[[ DATA SUPPLIED, beginning ]]
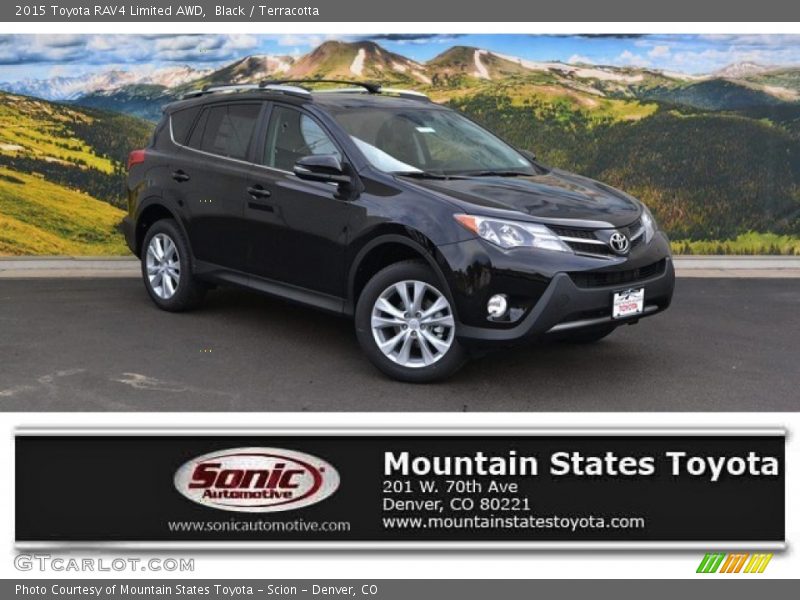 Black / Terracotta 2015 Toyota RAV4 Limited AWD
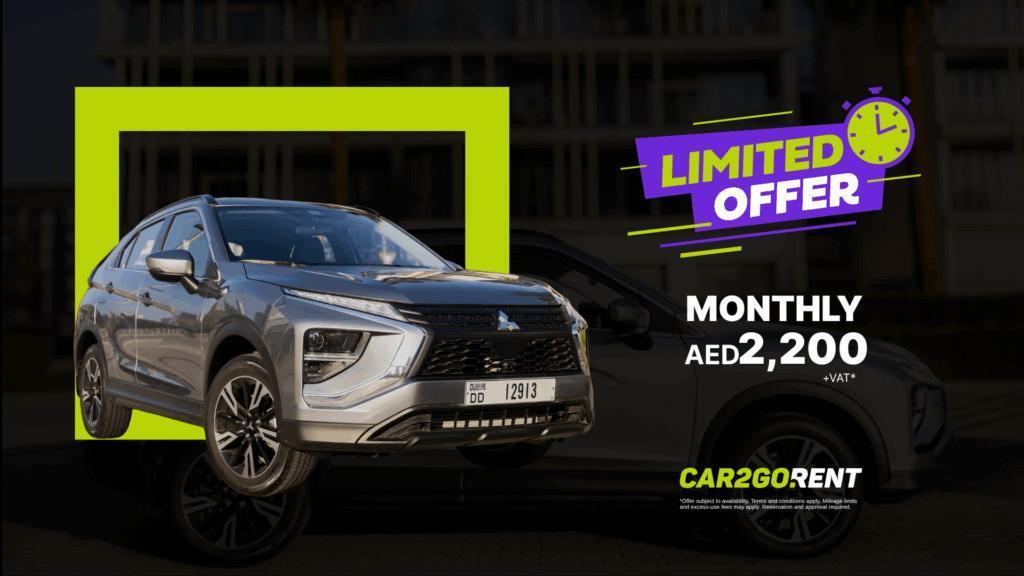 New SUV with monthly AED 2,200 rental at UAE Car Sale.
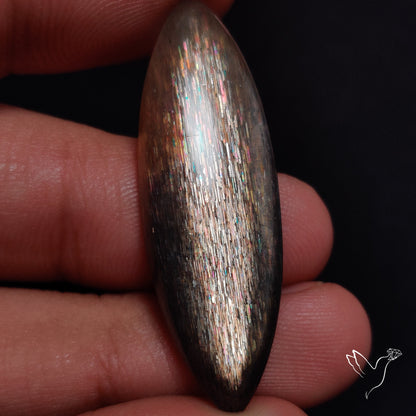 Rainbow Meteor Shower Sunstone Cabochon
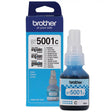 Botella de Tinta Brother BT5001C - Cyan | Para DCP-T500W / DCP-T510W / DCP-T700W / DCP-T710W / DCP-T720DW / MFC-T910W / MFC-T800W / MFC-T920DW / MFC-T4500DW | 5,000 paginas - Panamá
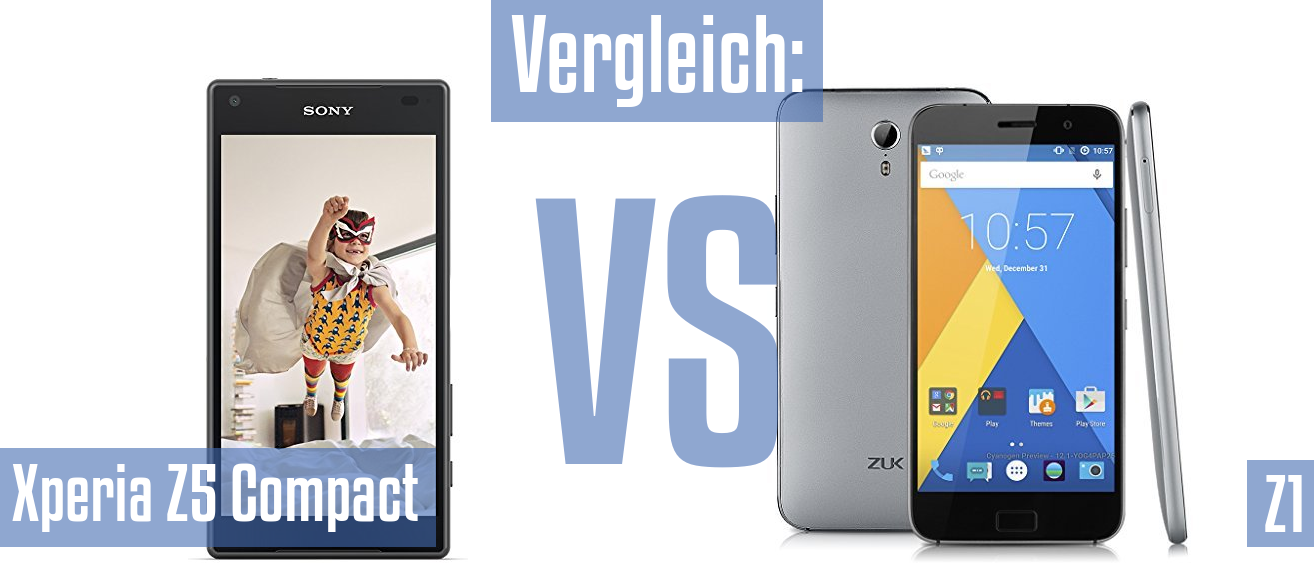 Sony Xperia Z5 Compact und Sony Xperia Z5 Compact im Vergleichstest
[[ DATA SUPPLIED, end ]]
[[ DATA SUPPLIED, beginning ]]
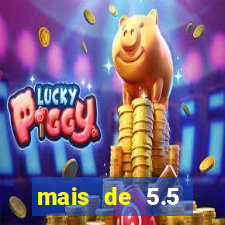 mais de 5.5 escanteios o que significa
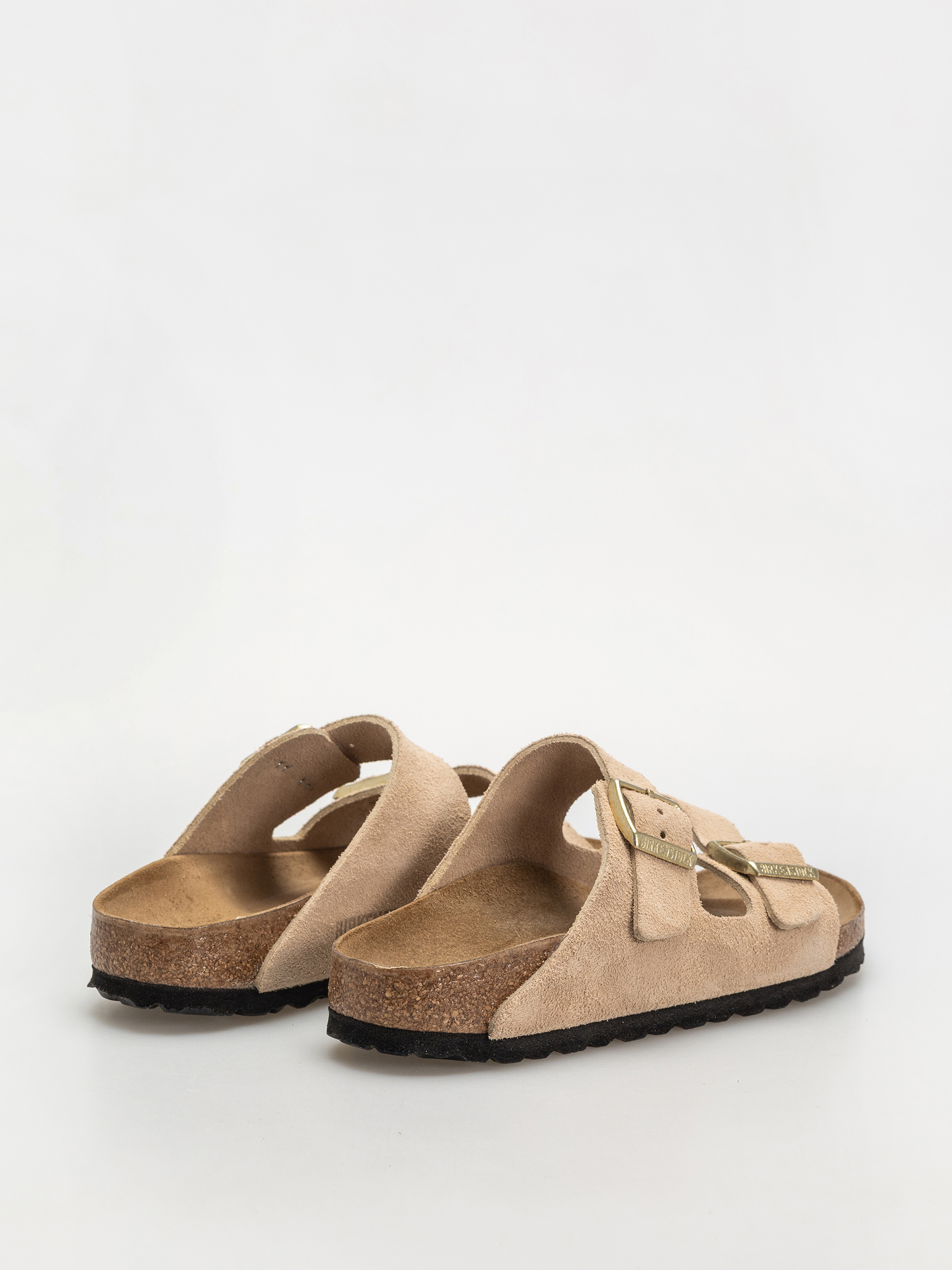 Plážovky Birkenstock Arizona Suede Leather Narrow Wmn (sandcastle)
[[ DATA SUPPLIED, end ]]
Transcribe only the lines above that start at the line containing "Black / Terracotta" and end at the line containing "Sony Xperia Z5 Compact und". Omit pictures.

[RESULT FOR THIS EXERCISE]
 Black / Terracotta 2015 Toyota RAV4 Limited AWD
 New SUV with monthly AED 2,200 rental at UAE Car Sale.
 Rainbow Meteor Shower Sunstone Cabochon
 Botella de Tinta Brother BT5001C - Cyan | Para DCP-T500W / DCP-T510W / DCP-T700W / DCP-T710W / DCP-T720DW / MFC-T910W / MFC-T800W / MFC-T920DW / MFC-T4500DW | 5,000 paginas - Panamá
 Sony Xperia Z5 Compact und Sony Xperia Z5 Compact im Vergleichstest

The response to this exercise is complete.